I though until now that Hades was universe level ? Elaborate about the scaling stuff please.


----------



## Xeogran (Jun 23, 2016)

Whis story was a joke to motivate Goku.

Never trust Beerus and his friends, we saw what happened with Monaka

Reactions: Dislike 2


----------



## EGSage (Jun 23, 2016)

Even if Zeno is somehow above Hades in DC hax and speed will make up, like nerfing Zeno to 10% of his power, Hades' sword and hax, summoning Specters and other dead entities like the twin god brothers and GS and boosting their stats with his Ichor. Plus Hades can just come back to life since it took Athena hax + Nike Staff + Cosmo Burning + God Saints Boost to take Hades out, he was not even retaliating but rather was trying to understand why Athena was doing this and was trying to convince her that she was wrong, with Zeno he would not show the same sympathy he did with his niece.

Reactions: Like 1


----------



## Blocky (Jun 23, 2016)

Akira1993 said:


> Zeno can destroy 12 universes if he wish, I don't him losing this match, no way in hell.


Too bad, Hades has the hax and wayyy faster then him to the point Zeno get's cut in half.
Assuming that his dura is lower for now.


----------



## Claudio Swiss (Jun 23, 2016)

Xeogran said:


> Whis story was a joke to motivate Goku.
> 
> Never trust Beerus and his friends, we saw what happened with Monaka


Not this one considering beerus and champa shat themselves upon his appearance.


----------



## Iwandesu (Jun 23, 2016)

Akira1993 said:


> Lol at people who think that Zeno isn't Multiversal dura. All the characters of DB have almost their DC  = Dura.

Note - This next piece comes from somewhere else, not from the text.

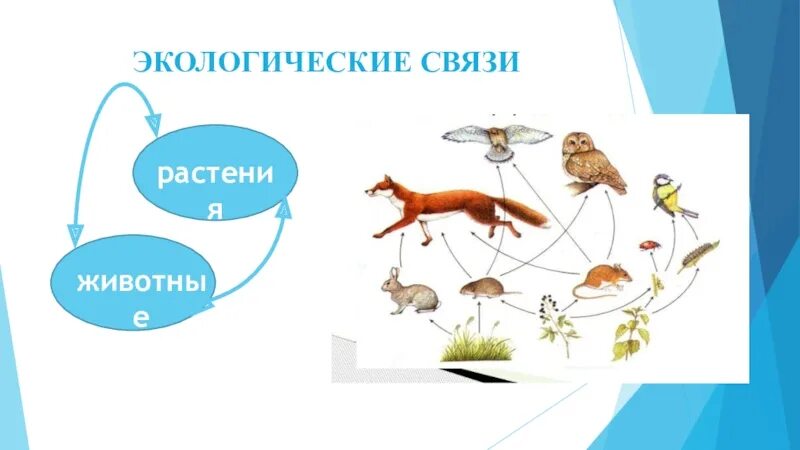 Примеры экологических связей. Экологические связи в природе. Экологические связи окружающий мир. Экологические связи растения животные.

beerus and whiss stated he wasnt a fighter and his powers had nothing to do with physical stats
so yeah no he isnt multiversal on dura till shown otherwise


----------



## God Movement (Jun 23, 2016)

You idiots. Just wait for Zen'o to finally show his true capabilities.

Reactions: Like 2


----------



## Iwandesu (Jun 23, 2016)

basically what gm said lol
is it that difficult to use characters with at least a solid standing on all its stats ?
we only know zeno has a method to instantly destroy universes 
we dont know how durable, fast or strong he is outside from that 
although minimuns can be infered they can as well be often wrong 
so just stop jumping the fucking gun


----------



## SF latif (Jun 23, 2016)

*Waits for goku blacks idenity than zeno feats* 

*intenseifies*


----------



## Orochibuto (Jun 23, 2016)

Galactus The Destroyer said:


> Beerus mentioned the Omni king doesn't fight, and it's been implied by him and Whis that this is not something he does with Ki. That's all we really have. Statements were made such as "He can erase the whole world if he desired"
> "Omni King does not fight, but is Ridiculously stronger than anyone"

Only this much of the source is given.